Yeah, don’t even try making any sense of it – there is none. Jack Kelly was a good and kind man and my heart aches that he is gone from this world.
Jack and I attended the same church – All Saints Episcopal – and he and his wife Lauren didn’t tell me for the longest time that they came to All Saints only after reading a newspaper column I wrote about the church. They were searching for a church and when they landed at All Saints, like me, they knew they were home.
I liked Lauren immediately. She jokes that she and my wife Joy are “twins” – they are both tall, slender and vivacious. Jack was harder to get to know and I think I initially mistook his quietness as shyness. I’m grateful we became good buddies.
He was an “old school” kind of guy – the type of man who is as comfortable in a blue blazer as he is a flannel shirt. He was a consummate gentleman, always helping the old ladies up for communion and even cheerfully escorting them to and from church if necessary.
Jack loved sports and I always looked forward to seeing him on Sunday to rehash or preview the big games of the week. Like me, he was a life-long Redskins fan and he loved the Baltimore Orioles.
Often during the Passing of the Peace we would embrace and our exchange would sound more like something from SportsCenter than the Book of Common Prayer.
Jack was a great historian, too, and he would often drop a pithy quote from some historical figure into a conversation. He could tell a good story and a slightly off-color joke with aplomb.
I knew him to be a gentle and thoughtful man. He would remember that I grew up in Virginia and make a reference to that from time to time. He was warm and genuine and the Saints are in mourning as I write this today.
My dear friend Tom, who never shares anything on Facebook, posted a beautifully haunting tribute to Jack from the poet Wendell Berry’s “Three Elegiac Poems”:
He goes free of the earth.
The sun of his last day sets
clear in the sweetness of his liberty.
The earth recovers from his dying,
the hallow of his life remaining
in all his death leaves.
Radiances know him. Grown lighter
than breath, he is set free
in our remembering. Grown brighter
than vision, he goes dark
into the life of the hill
that holds his peace.
He’s hidden among all that is,
and cannot be lost.
We are all unspeakably sad for Lauren and their sons and their grandchildren.

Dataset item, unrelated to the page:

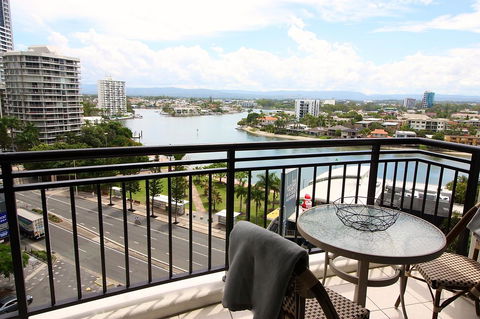 PeepSleep Chevron Towers - Darwin Holiday 38
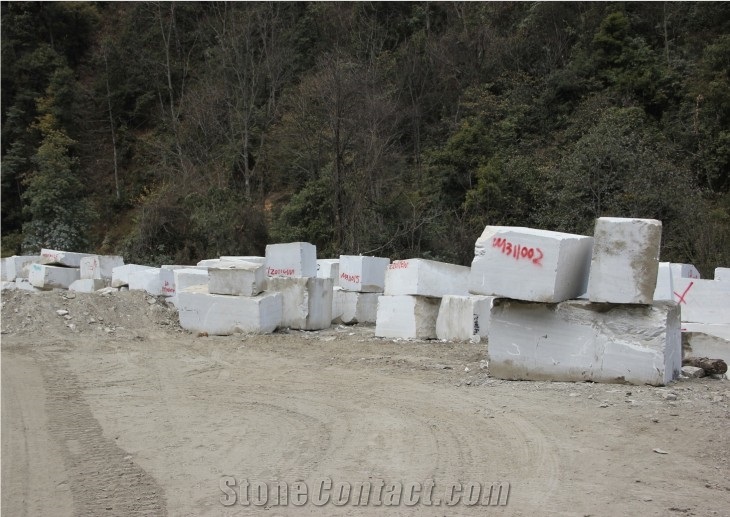 Hot-Selling Yunnan White Marble Blocks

But if we are to be completely honest, and Jack would appreciate that, we are also feeling the hard, cold reality of our own mortality.
In baseball, the term “sacrifice fly” refers to a batter hitting a ball with the intention of causing a teammate to score a run, while sacrificing his own ability to do so.
I like to think that my friend Jack found poetry in his beloved baseball and I know that the only solace that I’ve found since learning of his death is the notion that maybe, just maybe, because of him, we’ll all cherish our journey home a little bit more.